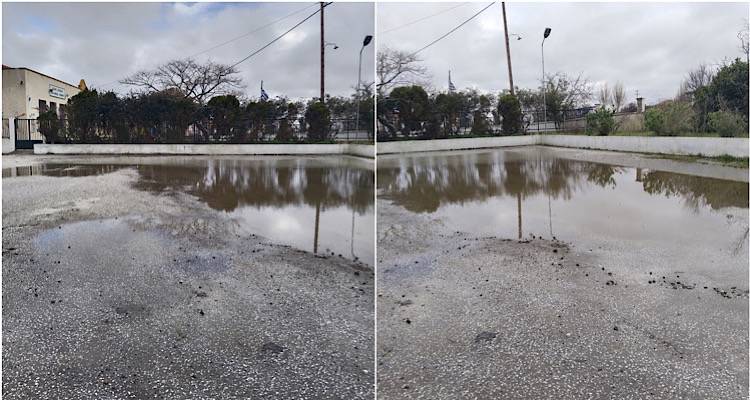 &Epsilon;&iota;&delta;&iota;&kappa;ό &Sigma;&chi;&omicron;&lambda;&epsilon;ί&omicron; &Kappa;&alpha;&lambda;&lambda;&iota;&theta;έ&alpha;&sigmaf;: &Sigma;&epsilon; &lambda;ί&mu;&nu;&eta; &mu;&epsilon;&tau;&alpha;&tau;&rho;έ&pi;&epsilon;&tau;&alpha;&iota; &omicron; &chi;ώ&rho;&omicron;&sigmaf; &alpha;&pi;&omicron;&beta;ί&beta;&alpha;&sigma;&eta;&sigmaf; &kappa;&alpha;&iota; &epsilon;&pi;&iota;&beta;ί&beta;&alpha;&sigma;&eta;&sigmaf; &mu;&alpha;&theta;&eta;&tau;ώ&nu; &kappa;&alpha;&iota; &epsilon;&kappa;&pi;&alpha;&iota;&delta;&epsilon;&upsilon;&tau;&iota;&kappa;ώ&nu; &kappa;ά&theta;&epsilon; &phi;&omicron;&rho;ά &pi;&omicron;&upsilon; &beta;&rho;έ&chi;&epsilon;&iota;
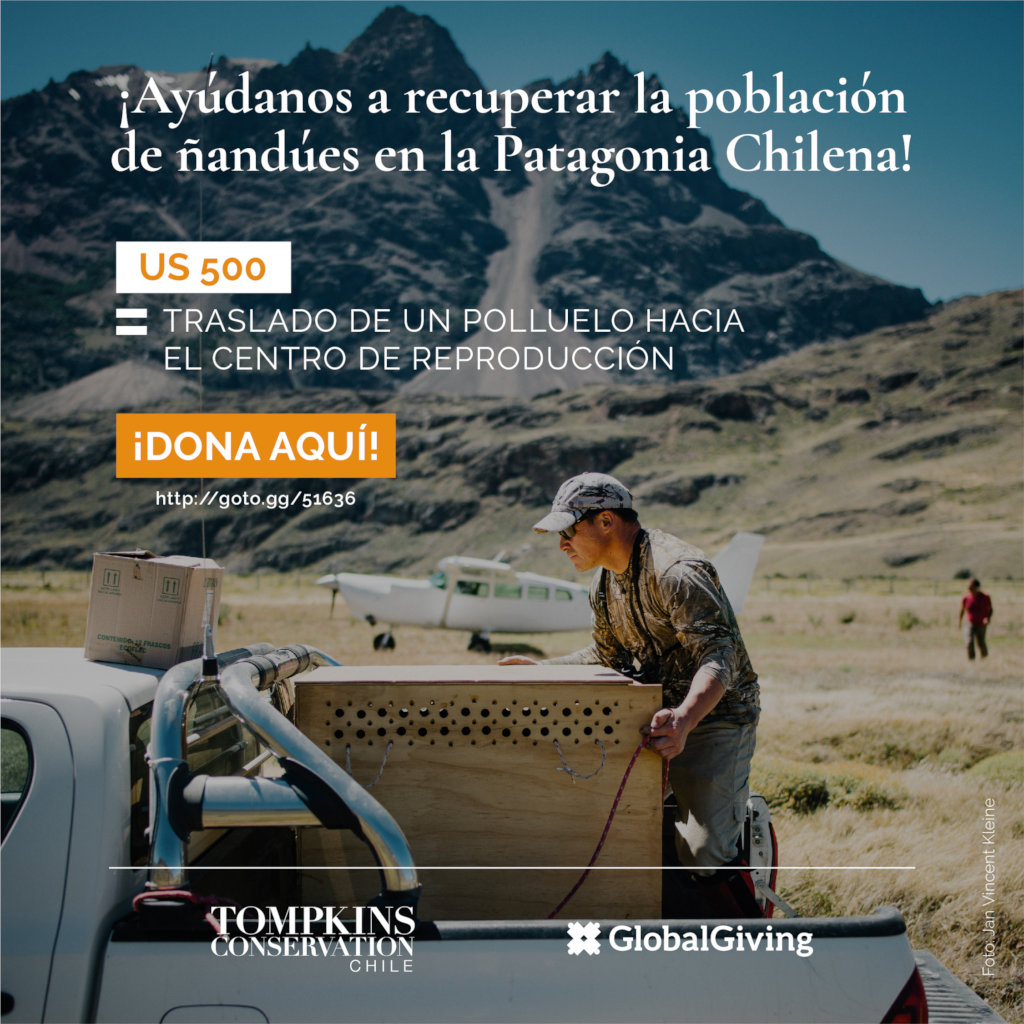 Help recover Rheas population in Chilean Patagonia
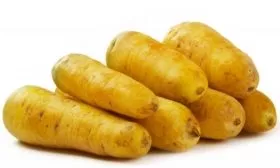 Морковь сорта Узбекская жёлтая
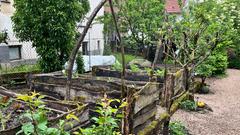 Der biblisch-christliche Garten in Niederkirchen (Foto: SR/Corinna Kern)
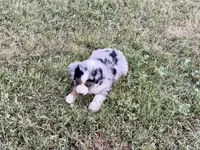 Bobo, a male Australian Shepherd for sale in Coleman, TX – 7 of 10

▸ WORK TO COMPLETE
Please print exactly the lines from the one holding "Help recover Rheas" through the final line of the data above, including both, and skip all pictures.

▸ TASK ANSWER
 Help recover Rheas population in Chilean Patagonia
 Морковь сорта Узбекская жёлтая
 Der biblisch-christliche Garten in Niederkirchen (Foto: SR/Corinna Kern)
 Bobo, a male Australian Shepherd for sale in Coleman, TX – 7 of 10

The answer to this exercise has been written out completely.